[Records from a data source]
┄┄┄┄┄┄┄┄┄┄
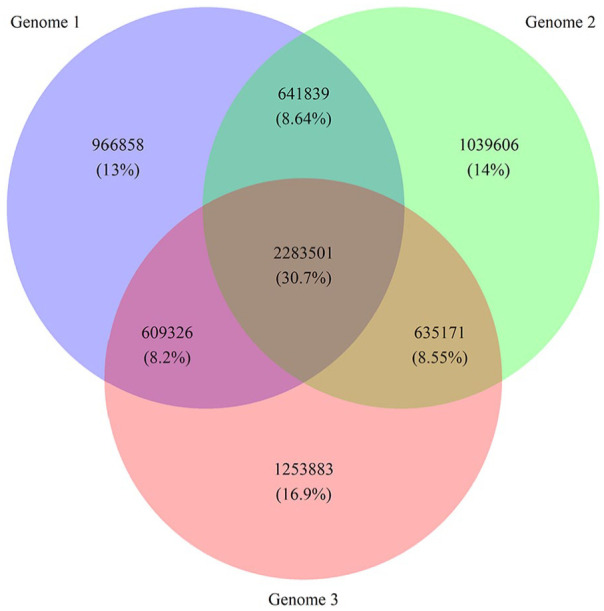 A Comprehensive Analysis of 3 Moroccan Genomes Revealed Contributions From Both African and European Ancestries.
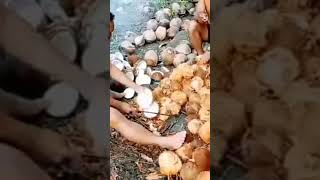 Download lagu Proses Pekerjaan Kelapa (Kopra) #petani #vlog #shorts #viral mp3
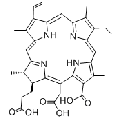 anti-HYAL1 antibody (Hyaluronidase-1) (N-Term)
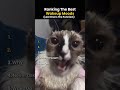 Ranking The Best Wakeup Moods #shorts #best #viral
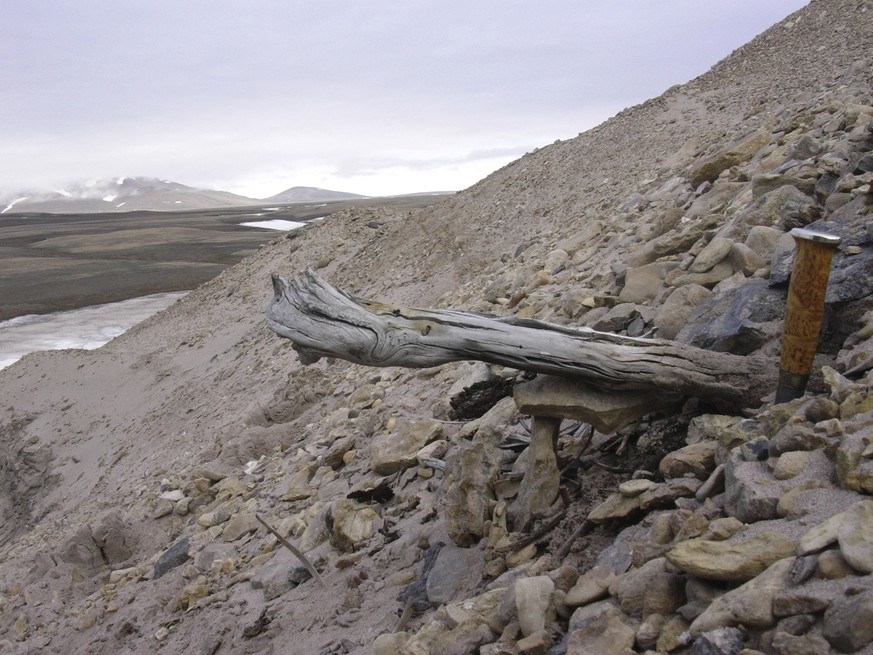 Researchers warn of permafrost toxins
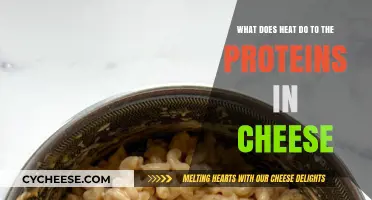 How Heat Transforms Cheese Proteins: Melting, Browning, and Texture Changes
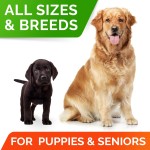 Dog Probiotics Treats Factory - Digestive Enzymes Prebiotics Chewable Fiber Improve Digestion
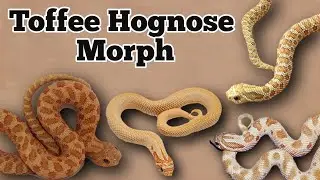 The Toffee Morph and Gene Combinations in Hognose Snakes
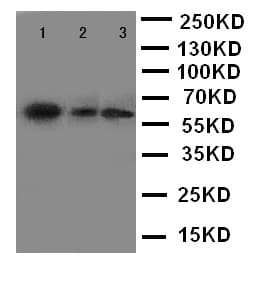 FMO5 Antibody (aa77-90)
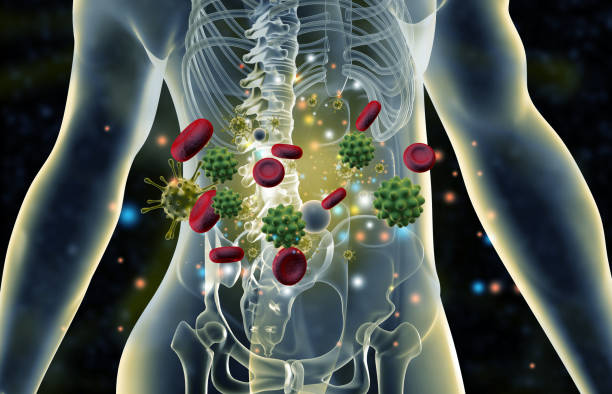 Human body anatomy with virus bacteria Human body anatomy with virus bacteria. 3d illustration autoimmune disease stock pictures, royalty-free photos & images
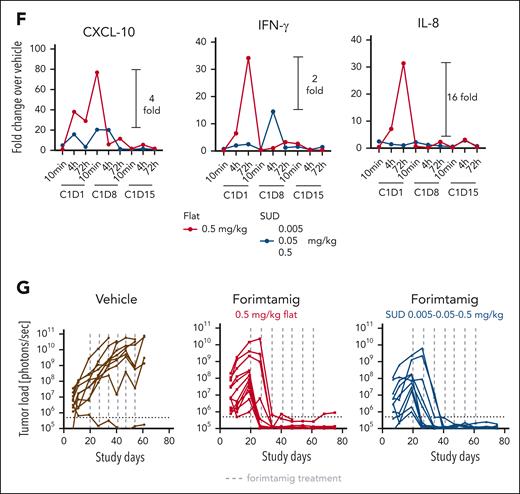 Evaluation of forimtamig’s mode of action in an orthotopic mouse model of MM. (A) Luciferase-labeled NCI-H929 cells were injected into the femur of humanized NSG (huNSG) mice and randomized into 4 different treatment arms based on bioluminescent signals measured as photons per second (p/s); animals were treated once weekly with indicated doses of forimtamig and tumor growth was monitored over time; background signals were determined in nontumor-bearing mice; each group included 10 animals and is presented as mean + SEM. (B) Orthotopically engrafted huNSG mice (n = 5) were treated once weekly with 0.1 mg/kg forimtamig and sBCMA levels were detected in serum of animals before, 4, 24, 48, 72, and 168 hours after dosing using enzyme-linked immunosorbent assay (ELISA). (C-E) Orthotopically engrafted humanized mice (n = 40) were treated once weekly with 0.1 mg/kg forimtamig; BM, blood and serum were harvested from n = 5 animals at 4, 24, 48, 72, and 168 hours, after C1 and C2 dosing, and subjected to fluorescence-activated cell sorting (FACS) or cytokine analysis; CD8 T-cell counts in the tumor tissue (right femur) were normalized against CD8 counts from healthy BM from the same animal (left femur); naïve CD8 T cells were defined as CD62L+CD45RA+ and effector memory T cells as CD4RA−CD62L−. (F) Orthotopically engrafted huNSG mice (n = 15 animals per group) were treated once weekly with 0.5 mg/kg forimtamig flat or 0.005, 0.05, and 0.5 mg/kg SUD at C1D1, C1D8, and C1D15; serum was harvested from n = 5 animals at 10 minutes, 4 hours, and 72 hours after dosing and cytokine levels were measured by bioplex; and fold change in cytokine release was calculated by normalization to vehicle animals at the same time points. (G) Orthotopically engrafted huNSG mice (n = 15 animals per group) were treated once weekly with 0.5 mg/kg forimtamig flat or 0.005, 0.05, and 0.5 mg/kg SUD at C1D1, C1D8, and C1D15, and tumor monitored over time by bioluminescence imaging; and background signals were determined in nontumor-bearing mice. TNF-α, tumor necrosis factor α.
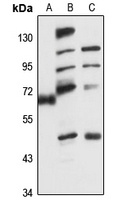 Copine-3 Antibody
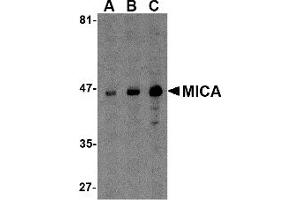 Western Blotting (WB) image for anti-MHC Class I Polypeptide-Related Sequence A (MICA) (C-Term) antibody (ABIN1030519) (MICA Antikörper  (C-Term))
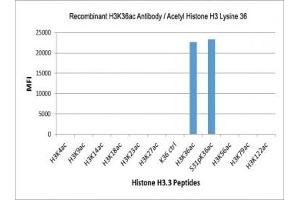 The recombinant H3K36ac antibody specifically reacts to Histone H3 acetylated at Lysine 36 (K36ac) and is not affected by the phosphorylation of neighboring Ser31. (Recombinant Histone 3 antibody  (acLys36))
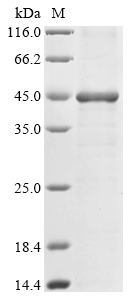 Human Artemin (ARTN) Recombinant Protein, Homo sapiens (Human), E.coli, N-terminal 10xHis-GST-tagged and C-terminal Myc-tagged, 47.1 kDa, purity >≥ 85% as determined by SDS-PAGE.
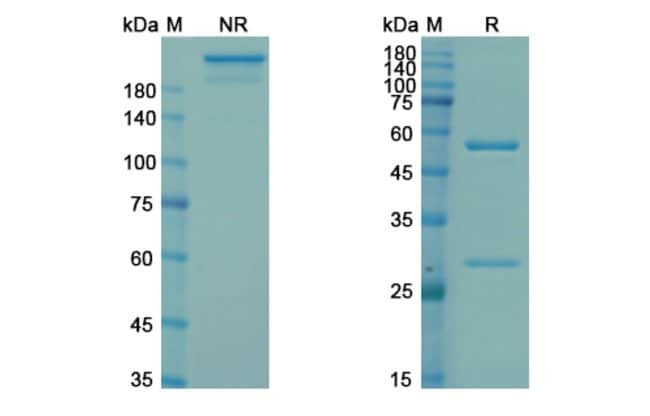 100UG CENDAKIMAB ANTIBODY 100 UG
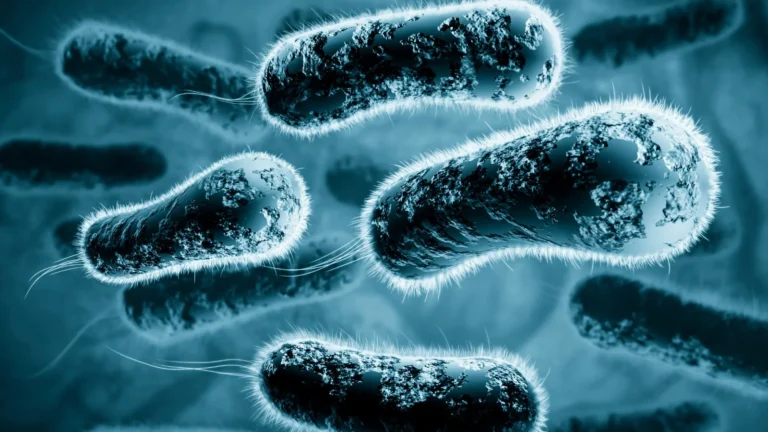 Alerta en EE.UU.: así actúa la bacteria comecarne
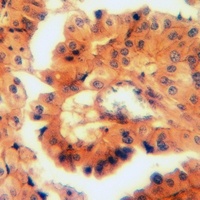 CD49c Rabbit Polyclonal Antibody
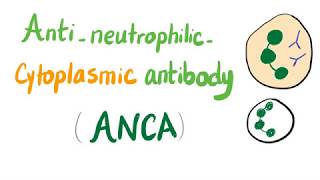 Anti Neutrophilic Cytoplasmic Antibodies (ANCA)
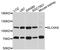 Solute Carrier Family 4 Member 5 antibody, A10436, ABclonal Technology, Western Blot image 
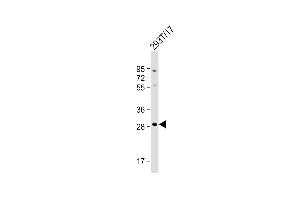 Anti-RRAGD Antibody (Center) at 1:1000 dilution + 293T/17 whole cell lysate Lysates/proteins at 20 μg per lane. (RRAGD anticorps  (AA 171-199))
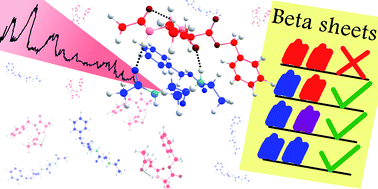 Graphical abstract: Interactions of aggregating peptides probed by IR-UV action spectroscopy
┄┄┄┄┄┄┄┄┄┄
== Work instruction ==
What you return should match the records line for line, minus the pictures.

== Your response ==
 A Comprehensive Analysis of 3 Moroccan Genomes Revealed Contributions From Both African and European Ancestries.
 Download lagu Proses Pekerjaan Kelapa (Kopra) #petani #vlog #shorts #viral mp3
 anti-HYAL1 antibody (Hyaluronidase-1) (N-Term)
 Ranking The Best Wakeup Moods #shorts #best #viral
 Researchers warn of permafrost toxins
 How Heat Transforms Cheese Proteins: Melting, Browning, and Texture Changes
 Dog Probiotics Treats Factory - Digestive Enzymes Prebiotics Chewable Fiber Improve Digestion
 The Toffee Morph and Gene Combinations in Hognose Snakes
 FMO5 Antibody (aa77-90)
 Human body anatomy with virus bacteria Human body anatomy with virus bacteria. 3d illustration autoimmune disease stock pictures, royalty-free photos & images
 Evaluation of forimtamig’s mode of action in an orthotopic mouse model of MM. (A) Luciferase-labeled NCI-H929 cells were injected into the femur of humanized NSG (huNSG) mice and randomized into 4 different treatment arms based on bioluminescent signals measured as photons per second (p/s); animals were treated once weekly with indicated doses of forimtamig and tumor growth was monitored over time; background signals were determined in nontumor-bearing mice; each group included 10 animals and is presented as mean + SEM. (B) Orthotopically engrafted huNSG mice (n = 5) were treated once weekly with 0.1 mg/kg forimtamig and sBCMA levels were detected in serum of animals before, 4, 24, 48, 72, and 168 hours after dosing using enzyme-linked immunosorbent assay (ELISA). (C-E) Orthotopically engrafted humanized mice (n = 40) were treated once weekly with 0.1 mg/kg forimtamig; BM, blood and serum were harvested from n = 5 animals at 4, 24, 48, 72, and 168 hours, after C1 and C2 dosing, and subjected to fluorescence-activated cell sorting (FACS) or cytokine analysis; CD8 T-cell counts in the tumor tissue (right femur) were normalized against CD8 counts from healthy BM from the same animal (left femur); naïve CD8 T cells were defined as CD62L+CD45RA+ and effector memory T cells as CD4RA−CD62L−. (F) Orthotopically engrafted huNSG mice (n = 15 animals per group) were treated once weekly with 0.5 mg/kg forimtamig flat or 0.005, 0.05, and 0.5 mg/kg SUD at C1D1, C1D8, and C1D15; serum was harvested from n = 5 animals at 10 minutes, 4 hours, and 72 hours after dosing and cytokine levels were measured by bioplex; and fold change in cytokine release was calculated by normalization to vehicle animals at the same time points. (G) Orthotopically engrafted huNSG mice (n = 15 animals per group) were treated once weekly with 0.5 mg/kg forimtamig flat or 0.005, 0.05, and 0.5 mg/kg SUD at C1D1, C1D8, and C1D15, and tumor monitored over time by bioluminescence imaging; and background signals were determined in nontumor-bearing mice. TNF-α, tumor necrosis factor α.
 Copine-3 Antibody
 Western Blotting (WB) image for anti-MHC Class I Polypeptide-Related Sequence A (MICA) (C-Term) antibody (ABIN1030519) (MICA Antikörper  (C-Term))
 The recombinant H3K36ac antibody specifically reacts to Histone H3 acetylated at Lysine 36 (K36ac) and is not affected by the phosphorylation of neighboring Ser31. (Recombinant Histone 3 antibody  (acLys36))
 Human Artemin (ARTN) Recombinant Protein, Homo sapiens (Human), E.coli, N-terminal 10xHis-GST-tagged and C-terminal Myc-tagged, 47.1 kDa, purity >≥ 85% as determined by SDS-PAGE.
 100UG CENDAKIMAB ANTIBODY 100 UG
 Alerta en EE.UU.: así actúa la bacteria comecarne
 CD49c Rabbit Polyclonal Antibody
 Anti Neutrophilic Cytoplasmic Antibodies (ANCA)
 Solute Carrier Family 4 Member 5 antibody, A10436, ABclonal Technology, Western Blot image 
 Anti-RRAGD Antibody (Center) at 1:1000 dilution + 293T/17 whole cell lysate Lysates/proteins at 20 μg per lane. (RRAGD anticorps  (AA 171-199))
 Graphical abstract: Interactions of aggregating peptides probed by IR-UV action spectroscopy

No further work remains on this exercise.